Provided information →
────────────────

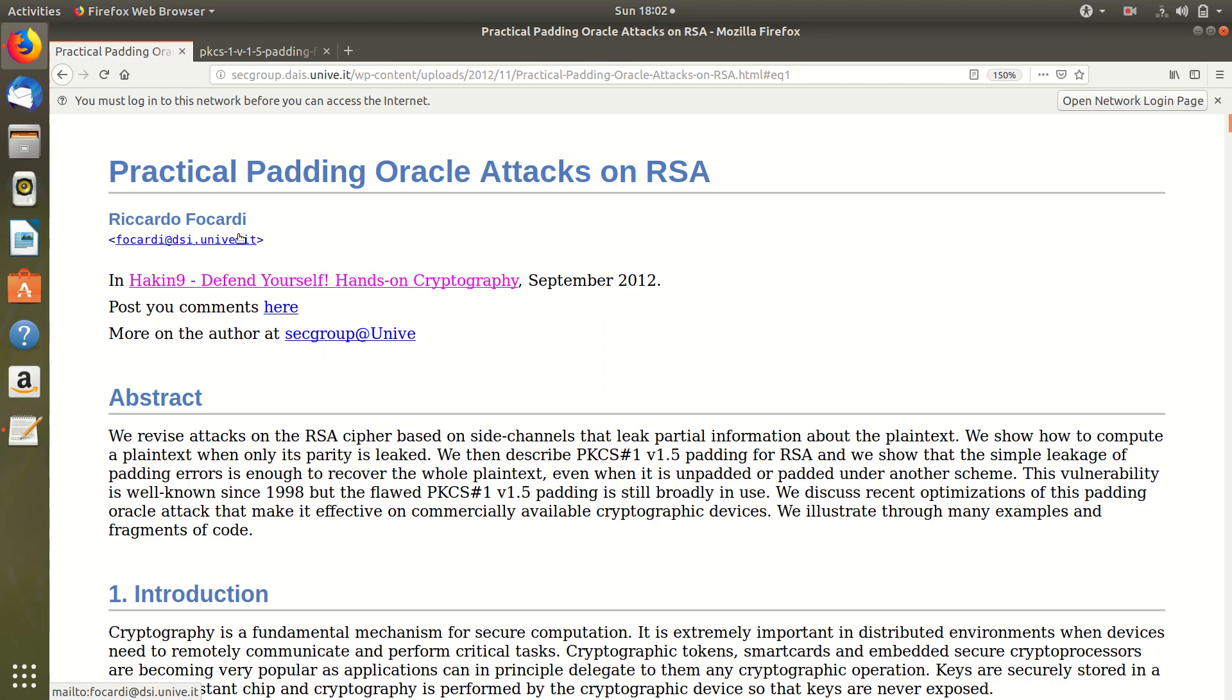Hi, in this tutorial I will be showing you how to simulate a Bleichenbacher attack on RSA using Python. This requires you to know about how encryption and decryption works in RSA. The attack that I am doing is based on this tutorial by Ricardo Fucati.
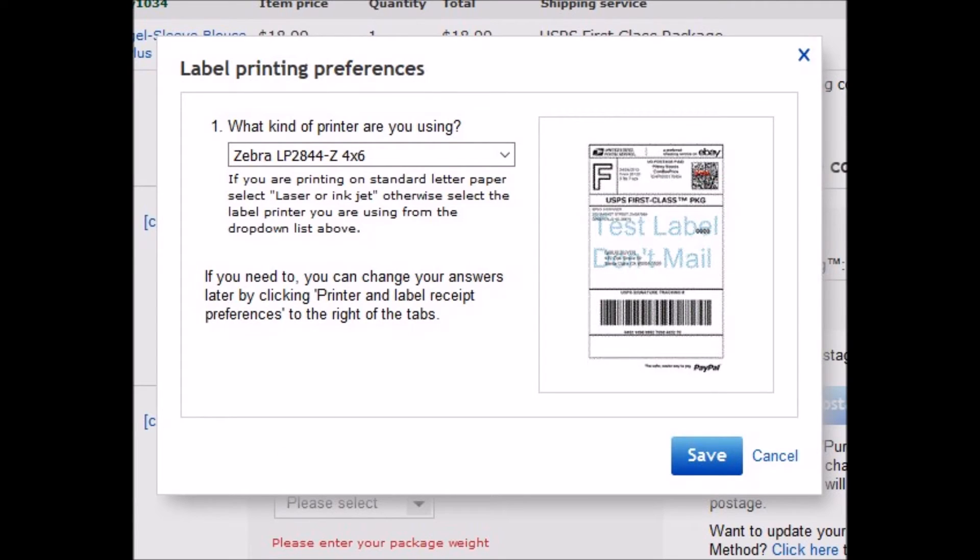If you can't find your printer, I just chose the first Zebra 4x6 printer and that works for me with no problems. You're going to save that and then exit out of the whole thing. You don't have to print a label for that.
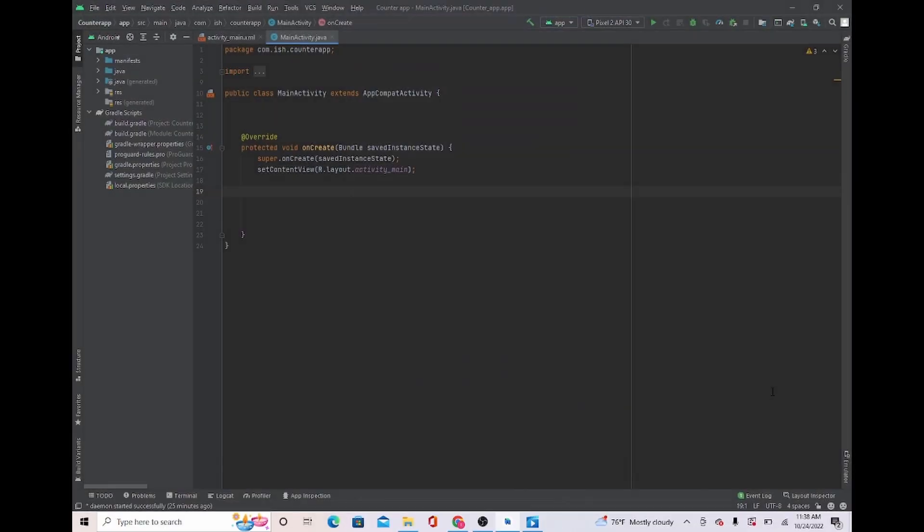Once we press the button you can see that it says 'clicked one times'. In this video I will show you how to create a counter app — basically every time we press the button, the number of times we pressed it will appear on a TextView.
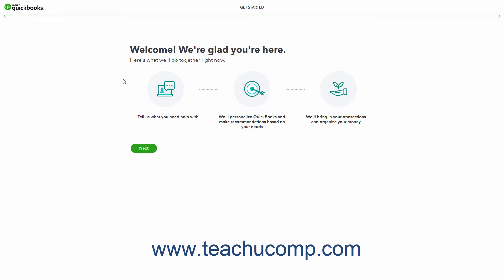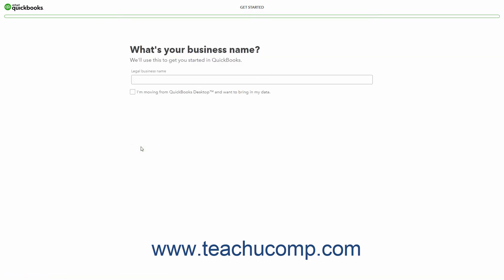Read the information and click the Next button to continue. In the next screen, enter your legal business name, then click the Next button to continue.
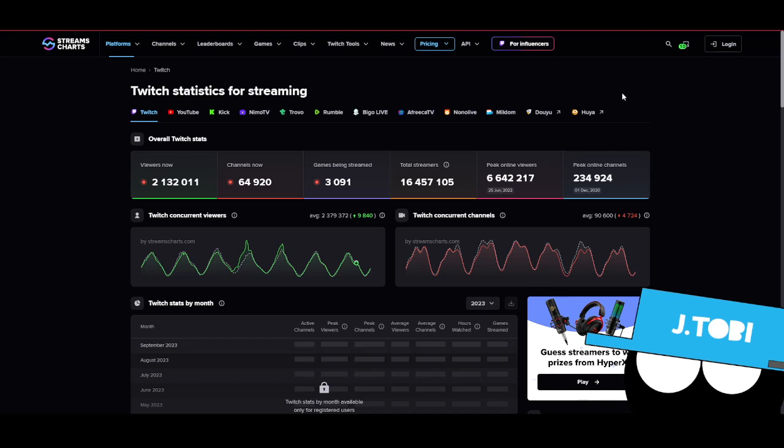All I know is that their partners, there are only limited partners now. Some of those who are not premium partners have Level Up Affiliate or something like that. It's a program similar to Twitch Affiliate.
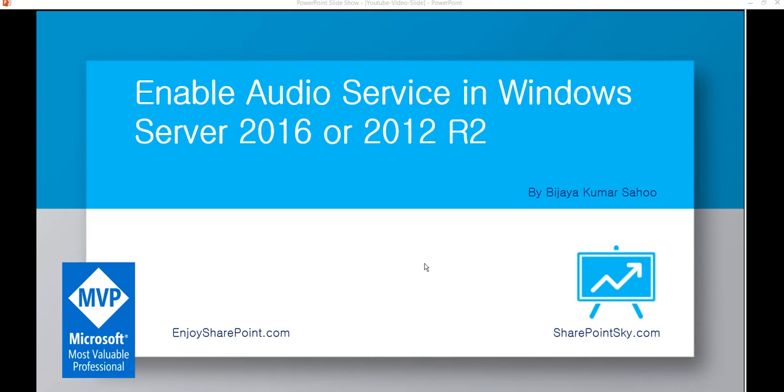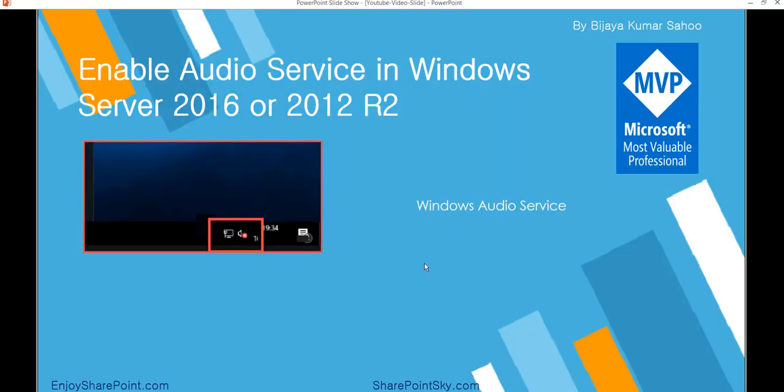After installing your Windows Server, you'll be able to see something like this in the notification area—you'll see an icon like this. In this case, your audio service will not work.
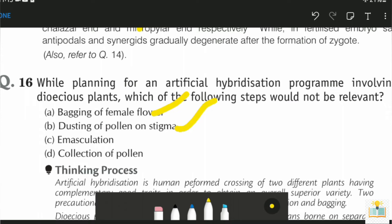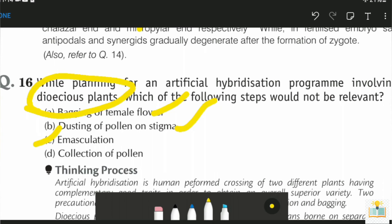In a dioecious plant, we have separate male and female plants, so the anther is already absent on the female plant. Emasculation — the removal of anthers — is always related to a monoecious plant, not a dioecious plant. So emasculation would not be relevant here. Without emasculation being needed, self-fertilization is already prevented.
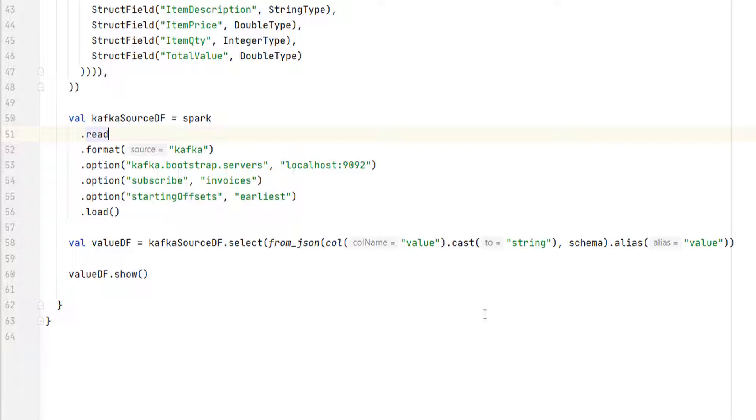That's all. But as a side effect, you will be able to show your data frame and debug your application. Once you are done with your transformations, you can simply change it to readStream. Everything else remains the same. Make sense? Great.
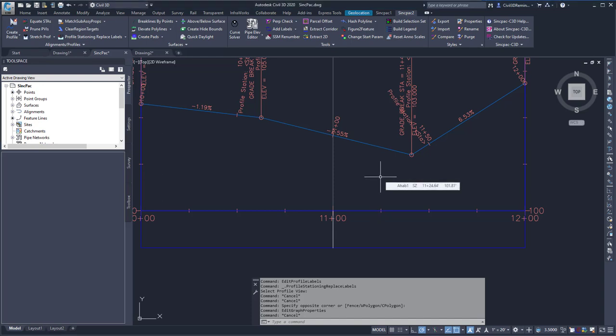This video shows the Profile View Grips command found within the Sync Pack.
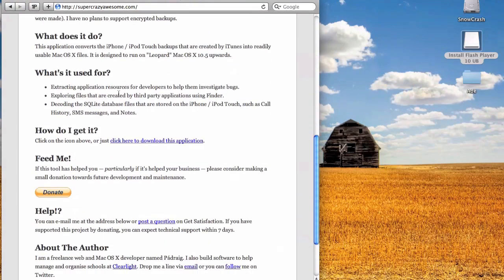It's a free download, available from supercrazyawesome.com. I recommend also donating to show a little gratitude to the author.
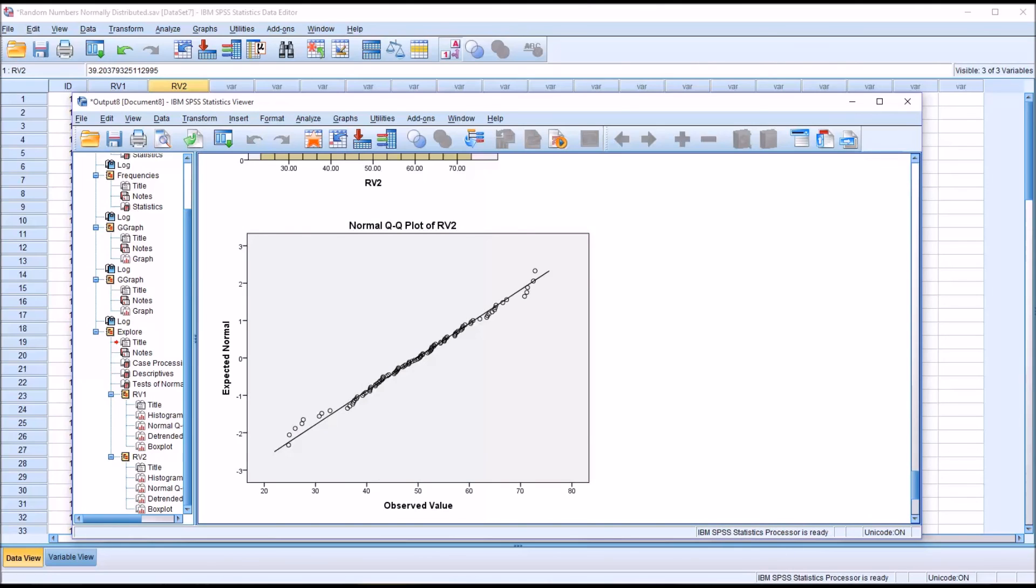I hope you found this video on producing random numbers that are normally distributed in SPSS to be helpful. As always, if you have any questions or concerns, feel free to contact me, and I'll be happy to assist you.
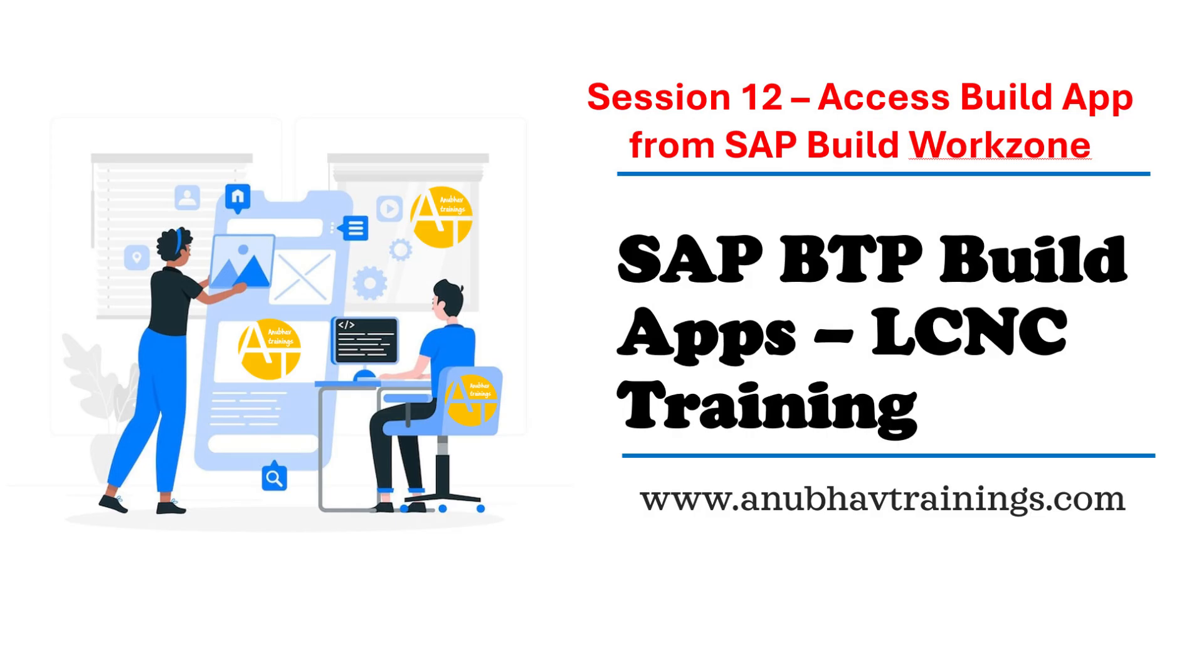Hello and welcome back everyone to the next episode on SAP Build Apps Development Training with Low-Code, No-Code Development Environment on anubhavtrainings.com.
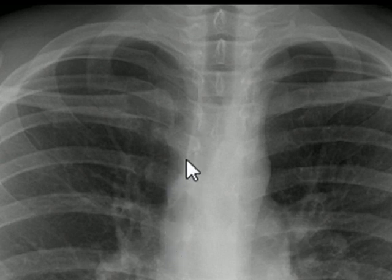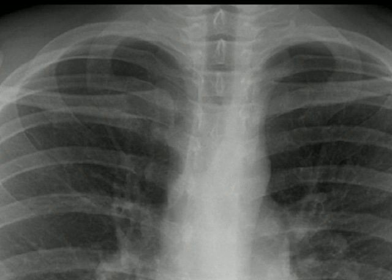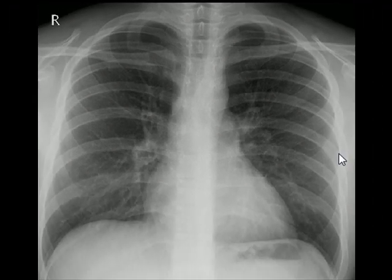This is the tracheobronchial angle just above the azygous vein. The azygous vein is a normal structure here, but will be moderately enlarged in the presence of hypervolemia, systemic venous hypertension, right heart failure, and inferior vena cava obstruction. The normal size of the azygous vein is less than 7 mm on an erect PA view. On X-rays taken in the supine position, the azygous vein may artificially appear enlarged.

────────────────

Task details →
From the first line of the entries above through the line with "After installing your", set down each line exactly and drop the pictures.

Expected answer →
Hi, in this tutorial I will be showing you how to simulate a Bleichenbacher attack on RSA using Python. This requires you to know about how encryption and decryption works in RSA. The attack that I am doing is based on this tutorial by Ricardo Fucati.
If you can't find your printer, I just chose the first Zebra 4x6 printer and that works for me with no problems. You're going to save that and then exit out of the whole thing. You don't have to print a label for that.
Once we press the button you can see that it says 'clicked one times'. In this video I will show you how to create a counter app — basically every time we press the button, the number of times we pressed it will appear on a TextView.
Read the information and click the Next button to continue. In the next screen, enter your legal business name, then click the Next button to continue.
All I know is that their partners, there are only limited partners now. Some of those who are not premium partners have Level Up Affiliate or something like that. It's a program similar to Twitch Affiliate.
After installing your Windows Server, you'll be able to see something like this in the notification area—you'll see an icon like this. In this case, your audio service will not work.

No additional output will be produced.